All Alba Lugardo wanted was her chicken tamales.
She stood sobbing at international customs inspection at Newark Liberty International Airport as agents explained why they seized her vittles. Lugardo didn't care about the big picture; she just wanted the comfort food she brought in her carry-on luggage from Ecuador for her pregnant daughter in Newark.
Custom reports reveal that "every day, the inspectors in Newark intercept on average more than 100 bugs."
"Most people don't understand the implications when we tell them they can't bring the only gift they can afford -- food they made with their own hands -- into the country," said Basil Liakakos, chief agricultural specialist at Newark Airport. "They don't understand we're talking the potential for an economic or health disaster."
Many non-native species are benign or even beneficial, but the bad ones can be ruthless.
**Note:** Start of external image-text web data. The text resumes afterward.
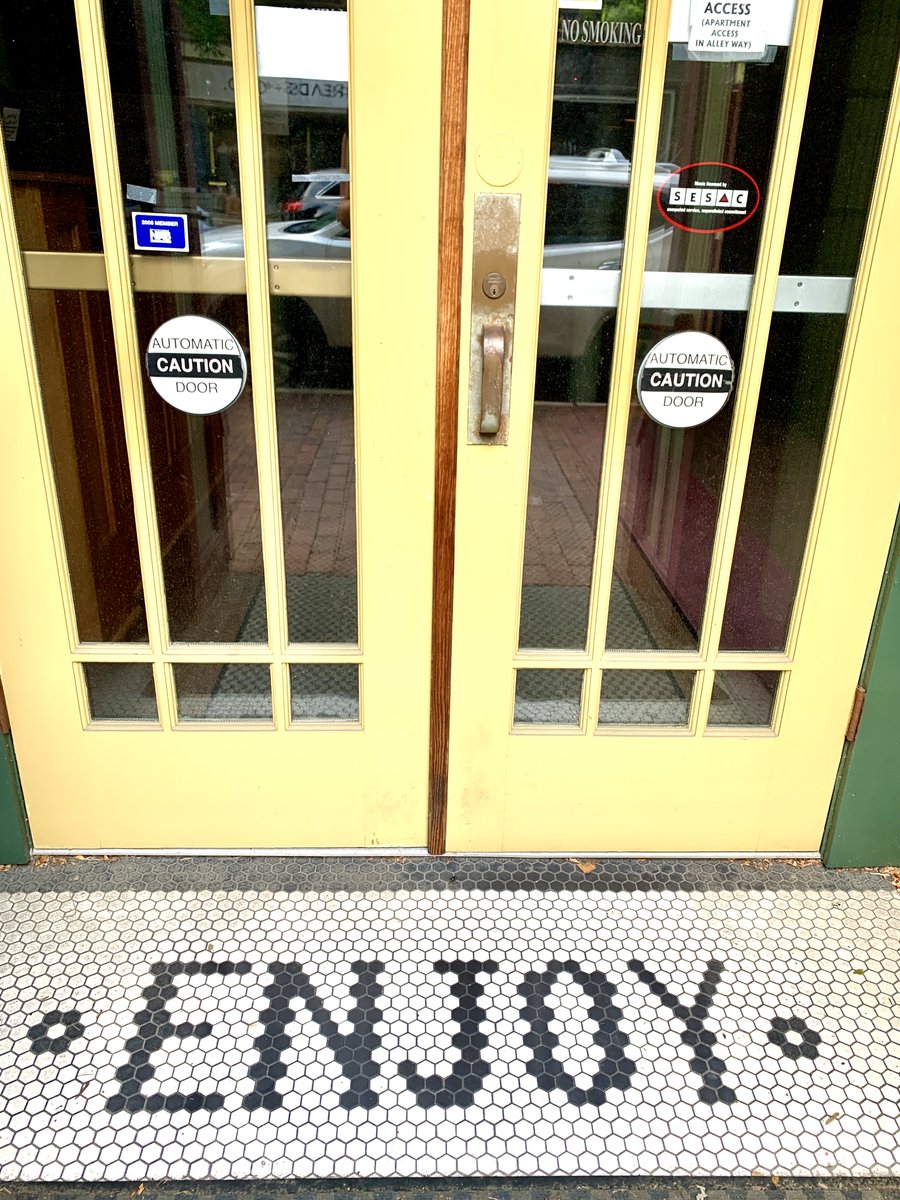 The Gateway to the Finger Lakes, the <a href="/gafferdistrict/">Gaffer District</a> in Corning delivers a good time! Breweries, shops, bakeries, museums, and more make it a must-stop town: bit.ly/2U5rQRz #NewYork @CorningFLX <a href="/UrbanCorning/">Urban Corning</a>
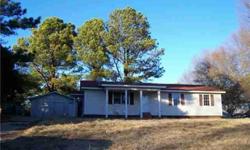 Charming country home with 3br/2ba on a nice lot. Maintenance free vinyl exterior. Spacious kitchen. Sold AS IS.
Listing originally posted at http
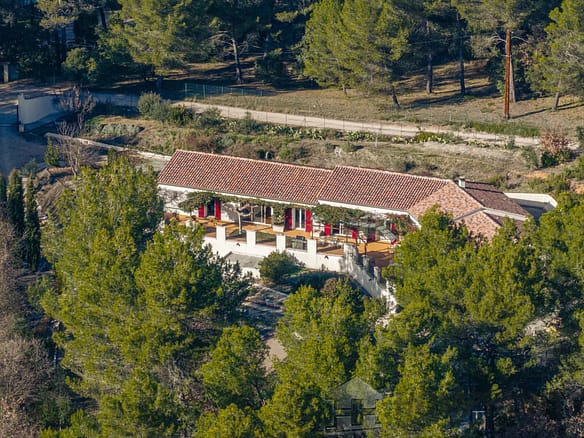 5 Bedroom Villa/House in Aix En Provence 22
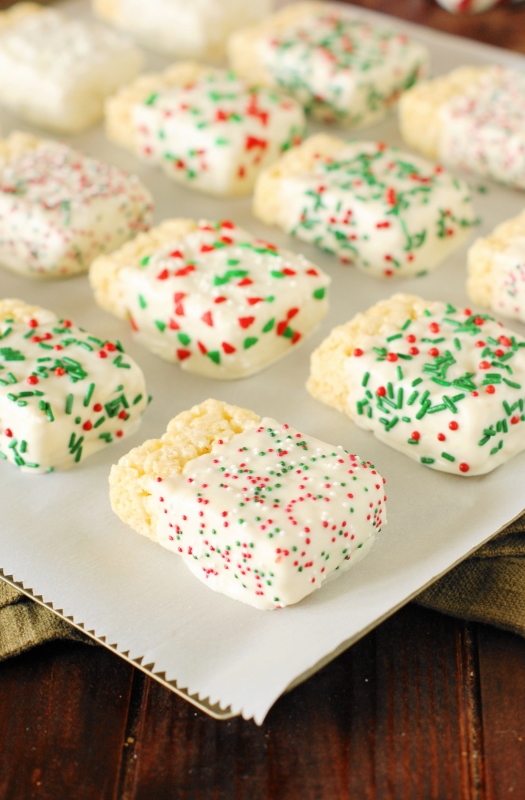Christmas-White-Chocolate-Krispie-Treats 12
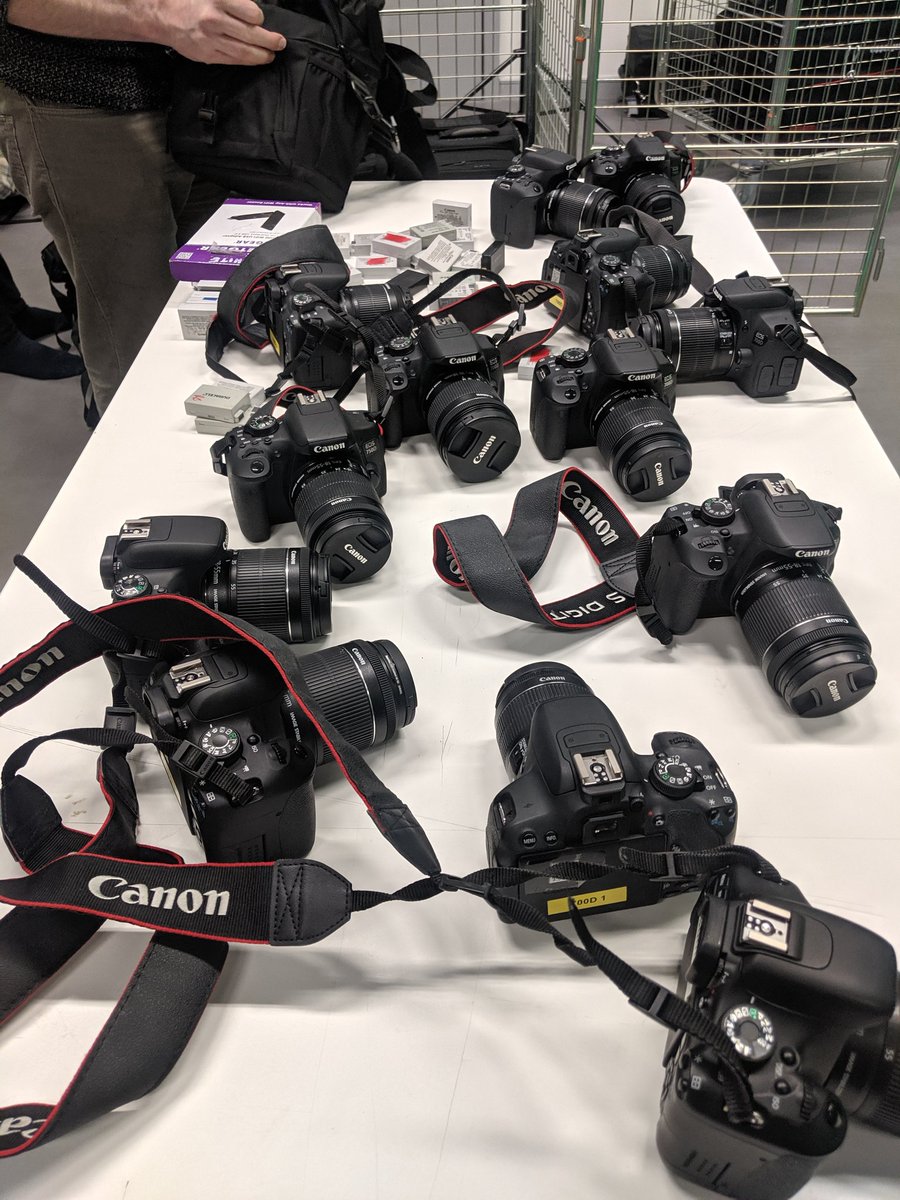 petewoodbridge's tweet photo. Volumetric Capture experiment day two with @Juice_Owen @objocopier and @dancepractices @LJMUScreen @LJMUarts @volograms and #immersivearts students. Ironing done, cameras in, tests sent off to Dublin & some of the Volograms team have arrived :) #volcap #volumetric #holograms https://t.co/wtZigKucrp
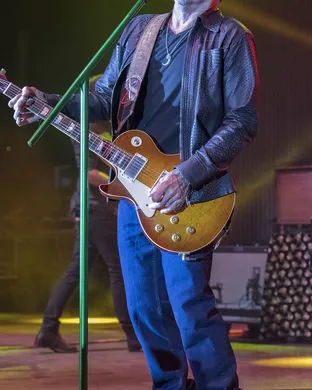 Gary Allan Farmington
Federal experts estimate foreign pests and diseases already cost tens of billions of dollars a year in lower crop values, eradication programs and emergency payments to farmers.
Alien species are one of the top threats to biodiversity on the planet, according to the Global Invasive Species Information Network, an international consortium of scientists and government agencies. In the U.S., many biologists agree, non-native species have contributed to the decline of nearly half the plants and animals on the endangered species list.
Every day, inspectors in Newark intercept on average more than 100 bugs, according to customs reports. About once a month, they come across a species never before seen in the U.S. The stowaway found 10 days ago was hiding in a bunch of Israeli thyme, said Thomas Henry, the USDA botanist who examined the insect.